We had the opportunity to ask Steve Parr, Corporate Lawyer and Founder at Parr Business Law, the top 7 legal questions we get from buyers/sellers.
Below are his answers. Not one for reading? Skip to the full video at the end! ↓
1. Before someone decides to sell their business, is there any legal work they should do before listing?
Yes, there is, but you’re not going to know what it is until you take a look, as it will be particular to that specific business. What I see a lot of times with owner managed businesses is that they come to me with their books (corporate financial records) and they are not in good shape or properly kept. This will create uncertainly in the deal.
ADVICE: Before signing on or uploading information for your business sale, work with a corporate lawyer to ensure that your books are in good shape, cross all the T’s and dot all the I’s so that you don’t run into any hiccups.

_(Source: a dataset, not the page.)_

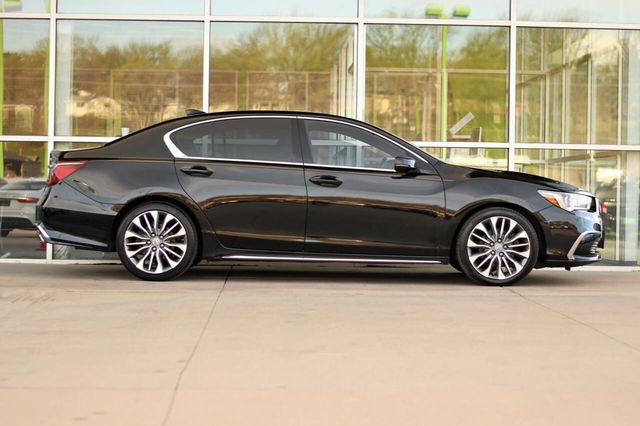 2018 Acura RLX Sedan w/Technology Pkg - 22826238 - 10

2. Are there special types of lawyers I should use for my business sale?
Yes, lawyers who have done this before. That’s the short answer. You don’t want to be asking your family lawyer, or criminal lawyer, or anyone that practices outside of the corporate law field. M&A work is quite technical, and requires a substantial amount of experience. Additionally, working with a lawyer that you just have a good vibe with is essential, because you’re going to be communicating with this person quite a bit.
ADVICE: When you’re working with an advisor or lawyer, you want to ensure that this is their area of expertise. Ideally, you want to find someone who is very well connected with other types of advisors who work in the same space; business brokers, accountants, insurance advisors - all these individuals come in and play a part in the transaction. Check references, ask candid questions from the get-go and ask around about them.

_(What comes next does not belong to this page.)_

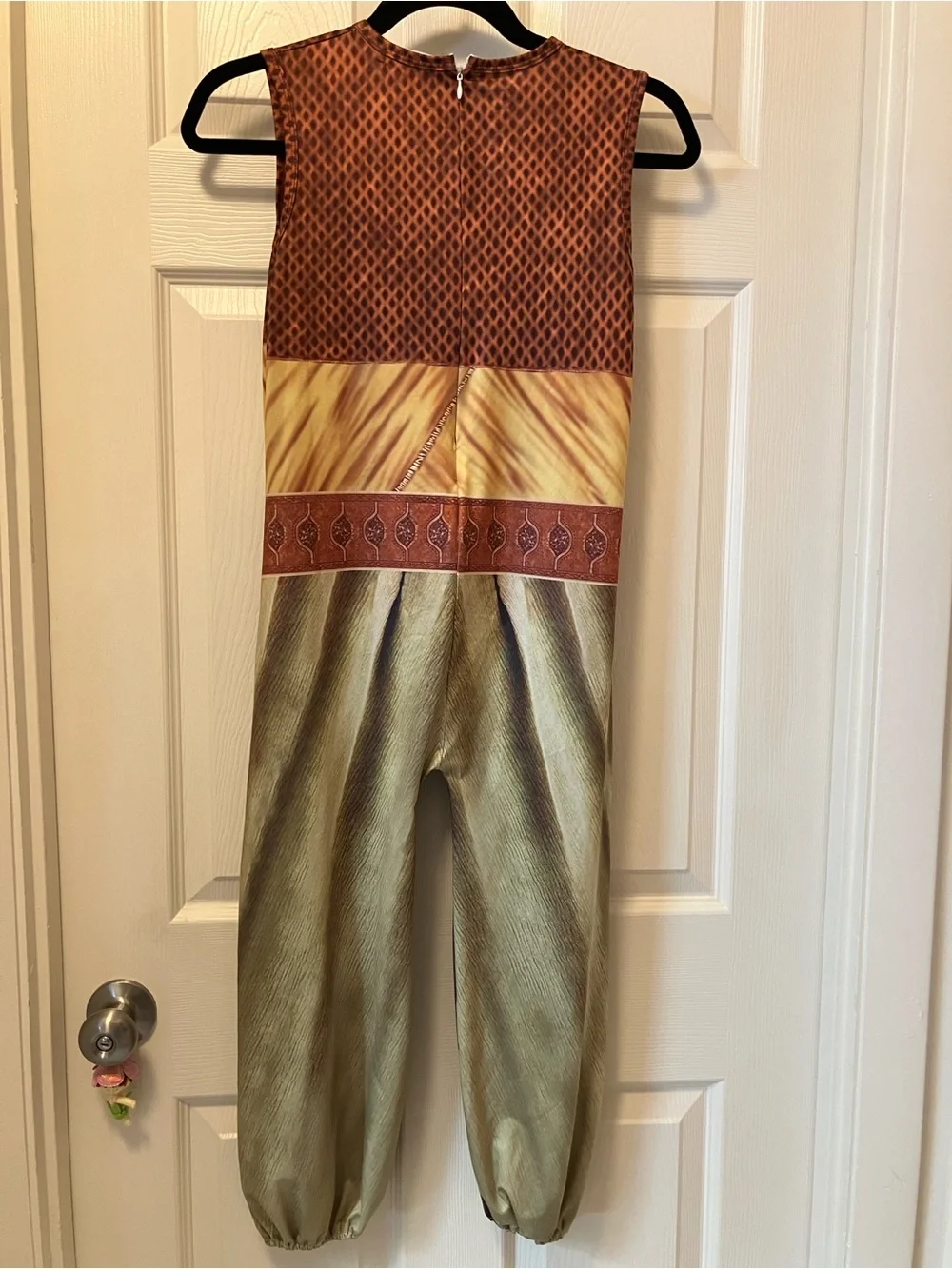 Raya and the Last Dragon Costume with Electronic Sword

3. Should I have buyers sign an NDA?
Yes, your company information is confidential and it should be treated as such. It also shows a degree of respect on the buyer side, if they’re serious enough there’s no reason they would refuse to sign an NDA with respect to the information they are about to find out.
ADVICE: Ensure an NDA is signed before buyers access your buyer presentation. (Don’t worry - DealBuilder has this feature built in)

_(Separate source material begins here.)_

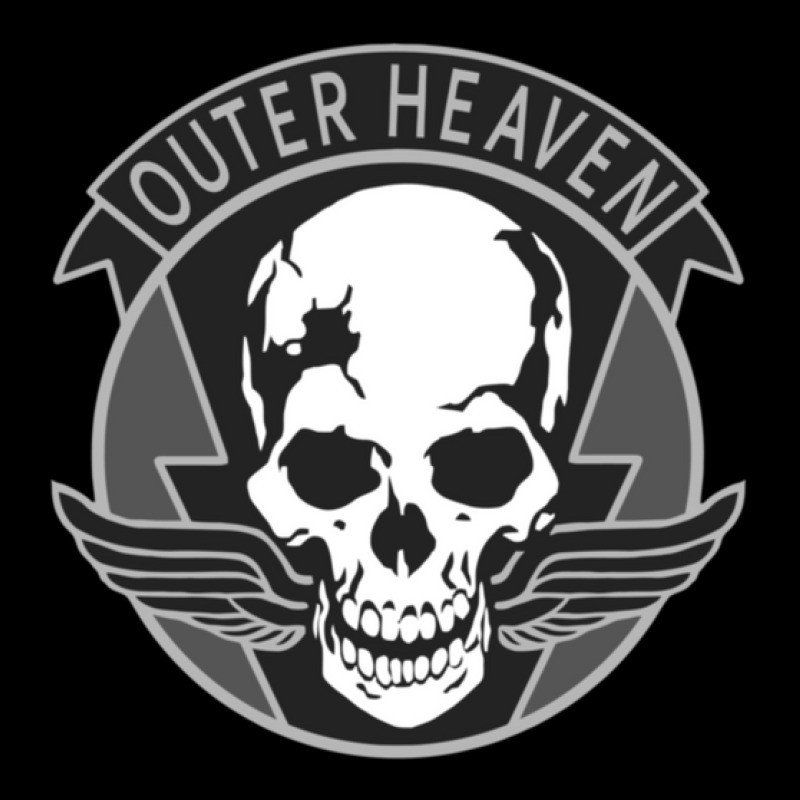 Metal Gear Solid Outer Heaven Merchandise Pocket T-Shirt by nejisaamer | Artistshot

4. What is a common mistake you see sellers make during a transaction?
One is that they may not have considered the consents that are required. For example in a share sale, they are selling all the obligations that company has as well. So, the seller may have entered into all kinds of vendor contracts, leases, things of that nature and so one mistake they might have made is that they need to obtain the consent of the landlords/vendors etc that have relationships with the sellers company. I’ve seen that overlooked and that can really jam up the actual closing of the business transaction and requires extensions and all kinds of headaches.
A bigger one is probably on the tax side of things, where they haven’t consulted with a good tax advisor and perhaps if they are doing a share sale they may not be eligible for lifetime capital gains exemption if they haven’t done their homework.
ADVICE: If you're selling, it’s a long term gain. Earlier you think about these issues, the earlier you can surround yourself with the right business broker, the right tax advisor, the right lawyer, everything’s just going to be so much easier and you will get the outcome that you want.
5. Offers or Letters of Intents (LOI’s) are typically non-binding in a business transaction. How seriously should I consider them?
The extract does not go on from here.